Northland College divesting oil, coal and gas investments

The small college’s board of trustees last week voted to fully divest all of the school’s endowment funds from fossil fuel related investments — coal, oil and gas companies — within five years.

The move comes after student activists have been pushing for the action since 2012.

Nearly 3 percent of the school’s $28 million endowment, about $823,000, is currently invested in fossil fuels, according to the group Carbon Underground 200.

The college, which focuses on environmental studies and sustainability, vows to replace oil, coal and gas investments with “more socially responsible investments with no new endowment funds invested in fossil fuel companies.”

“To truly embrace our environmental mission, it is incumbent upon us to mindfully remove fossil fuel companies from our endowment portfolio,” said Mike Fiorio, a Northland College trustee and alumnus and a 32-year veteran of the financial services industry and a partner of Fiorio Wealth Advisors. “I’m proud to say that the Northland College board of trustees has embraced this initiative.”

Based on data from the last 25 years looking at portfolios that incorporate fossil fuels and those that don’t, Fiorio, who sits on the college’s Investment Committee, said that there would be little or no long-term impact on returns for the school.

Northland College is following a national trend. According to 350.org, an international organization tracking and advocating for divestment, 746 institutions — including churches, cities, corporations, nonprofits and schools — representing more than $5.2 trillion in assets have committed to some level of fossil fuel divestment.

According to the website gofossilfree.org, Northland joins institutions like the cities of Oakland, Calif., and Portland, Ore., in going fossil-free. Oregon State University and the University of Maryland have fully divested fossil fuel investments, Boston University has divested from coal and tar sand oil investments and Stanford University has dropped all coal investments.

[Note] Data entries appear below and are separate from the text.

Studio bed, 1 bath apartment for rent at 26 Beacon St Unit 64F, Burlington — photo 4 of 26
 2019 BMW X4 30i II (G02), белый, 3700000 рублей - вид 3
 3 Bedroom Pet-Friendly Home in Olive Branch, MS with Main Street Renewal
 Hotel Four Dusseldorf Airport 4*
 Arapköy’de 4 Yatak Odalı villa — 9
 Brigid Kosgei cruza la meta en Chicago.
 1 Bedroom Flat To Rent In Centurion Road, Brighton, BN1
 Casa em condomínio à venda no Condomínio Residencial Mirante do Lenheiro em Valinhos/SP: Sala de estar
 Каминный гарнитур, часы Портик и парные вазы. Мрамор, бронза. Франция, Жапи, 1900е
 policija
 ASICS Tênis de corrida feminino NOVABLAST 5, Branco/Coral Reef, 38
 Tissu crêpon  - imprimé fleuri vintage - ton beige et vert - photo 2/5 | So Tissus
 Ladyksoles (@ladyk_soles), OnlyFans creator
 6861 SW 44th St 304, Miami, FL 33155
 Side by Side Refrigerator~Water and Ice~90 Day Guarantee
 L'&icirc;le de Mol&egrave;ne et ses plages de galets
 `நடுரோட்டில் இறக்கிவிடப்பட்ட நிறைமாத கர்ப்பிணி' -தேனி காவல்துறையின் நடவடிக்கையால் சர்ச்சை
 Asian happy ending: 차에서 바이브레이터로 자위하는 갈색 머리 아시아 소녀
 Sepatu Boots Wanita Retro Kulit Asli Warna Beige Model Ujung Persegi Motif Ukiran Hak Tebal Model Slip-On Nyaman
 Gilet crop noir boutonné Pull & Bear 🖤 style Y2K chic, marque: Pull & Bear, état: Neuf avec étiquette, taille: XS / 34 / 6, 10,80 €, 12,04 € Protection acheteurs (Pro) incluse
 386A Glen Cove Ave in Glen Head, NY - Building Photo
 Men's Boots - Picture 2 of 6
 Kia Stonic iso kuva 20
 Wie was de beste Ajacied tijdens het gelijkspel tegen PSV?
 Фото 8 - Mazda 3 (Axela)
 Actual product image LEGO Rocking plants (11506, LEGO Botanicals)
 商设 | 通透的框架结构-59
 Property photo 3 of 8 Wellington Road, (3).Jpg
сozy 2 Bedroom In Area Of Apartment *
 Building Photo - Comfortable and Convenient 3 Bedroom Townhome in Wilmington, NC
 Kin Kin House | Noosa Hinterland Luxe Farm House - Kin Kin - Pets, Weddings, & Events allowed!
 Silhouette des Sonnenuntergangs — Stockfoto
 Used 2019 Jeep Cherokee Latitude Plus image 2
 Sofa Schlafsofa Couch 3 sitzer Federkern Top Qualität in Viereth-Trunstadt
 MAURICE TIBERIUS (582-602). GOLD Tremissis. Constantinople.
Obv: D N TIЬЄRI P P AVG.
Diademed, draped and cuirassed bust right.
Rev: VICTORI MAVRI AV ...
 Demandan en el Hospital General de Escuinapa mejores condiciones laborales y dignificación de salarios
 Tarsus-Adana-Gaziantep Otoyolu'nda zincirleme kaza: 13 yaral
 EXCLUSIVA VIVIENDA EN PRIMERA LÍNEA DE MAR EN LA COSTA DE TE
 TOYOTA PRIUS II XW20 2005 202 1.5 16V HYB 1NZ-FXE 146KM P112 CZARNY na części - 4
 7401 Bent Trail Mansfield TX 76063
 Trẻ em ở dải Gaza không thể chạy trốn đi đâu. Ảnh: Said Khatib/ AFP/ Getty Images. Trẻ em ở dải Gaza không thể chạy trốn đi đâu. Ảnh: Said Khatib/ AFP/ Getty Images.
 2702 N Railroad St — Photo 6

Northland College’s student-run Environmental Council had been leading the effort, said Emily Donaldson, a 2017 graduate, who spoke before the board of trustees. Donaldson is a research assistant at the Northland College Center for Rural Communities and previously directed the Environmental Council.

“This is one small step toward a more sustainable future that combats climate change and those culpable in perpetuating it — and one that is attainable and fitting for us as an environmental liberal arts college,” Donaldson said. “However, as we join other institutions in this global movement of environmental and social justice, we will step into larger strides, until we’re leaping toward carbon neutrality.”

Northland College is one of 361 “environmentally responsible” colleges, according to The Princeton Review, and a member of EcoLeague, a consortium of six colleges and universities that share a mission based on environmental responsibility.